* **What you are asked to do**:
What you return should be every line below, word for word, and none of the images.

* **Given data**:
#####
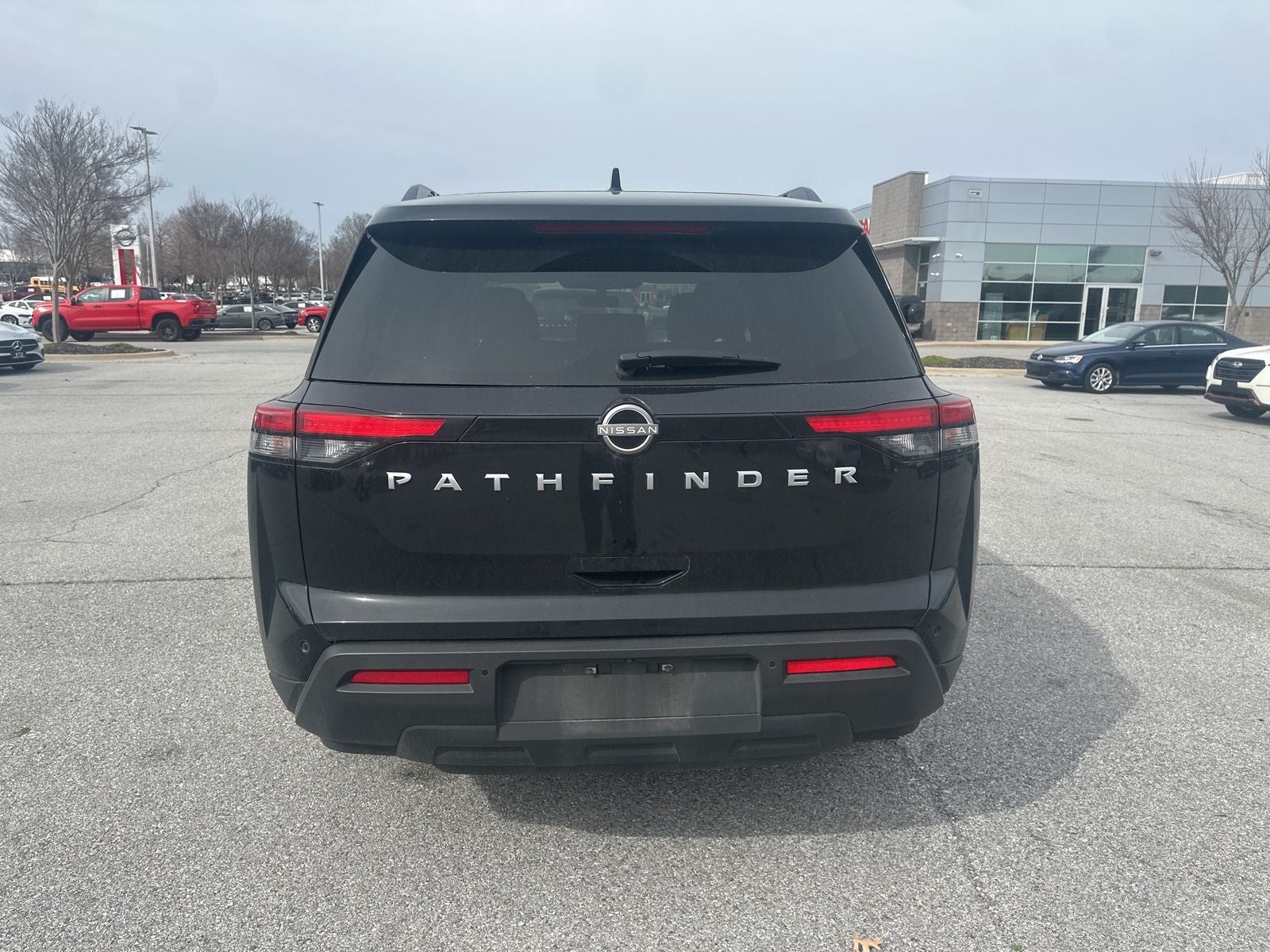 2025 Nissan Pathfinder SV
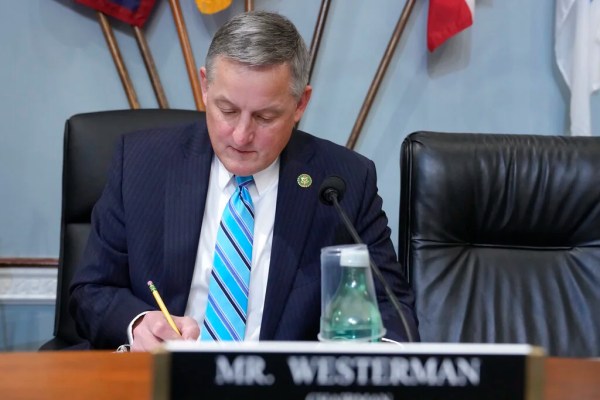 New bipartisan bill aimed at red tape crimping energy and infrastructure projects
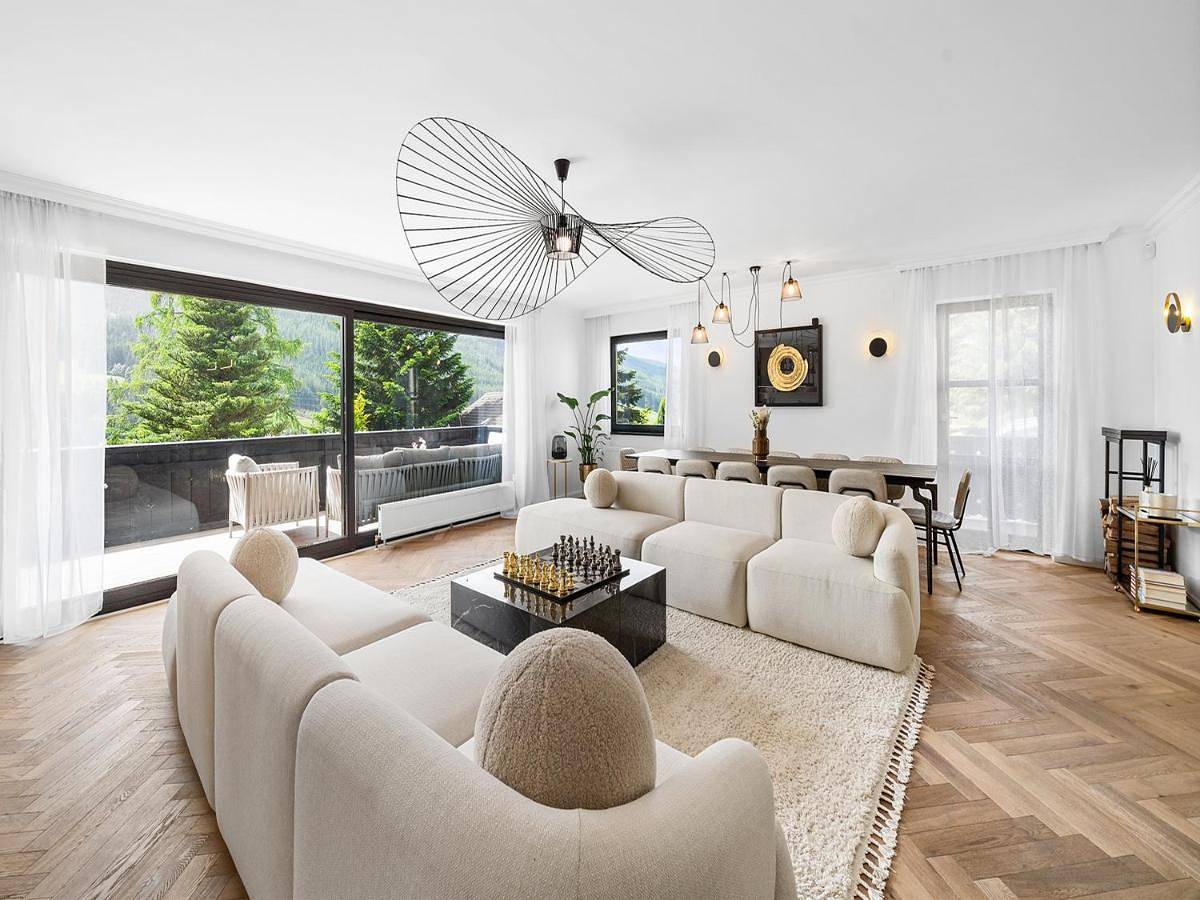 Five-Bedroom Villa with Pool, Sauna, Terraces and Garden in Hochsteiermark
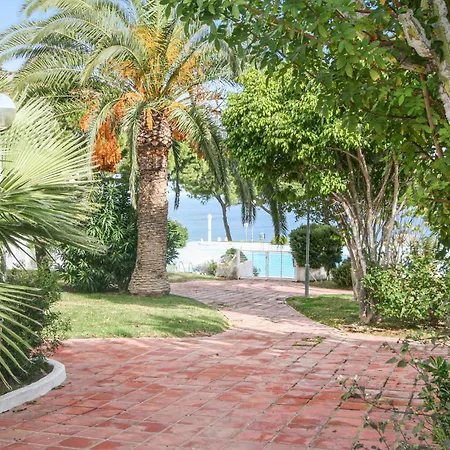 3 Bedroom In Apartman Santa Pola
#####
* **Task answer**:
 2025 Nissan Pathfinder SV
 New bipartisan bill aimed at red tape crimping energy and infrastructure projects
 Five-Bedroom Villa with Pool, Sauna, Terraces and Garden in Hochsteiermark
 3 Bedroom In Apartman Santa Pola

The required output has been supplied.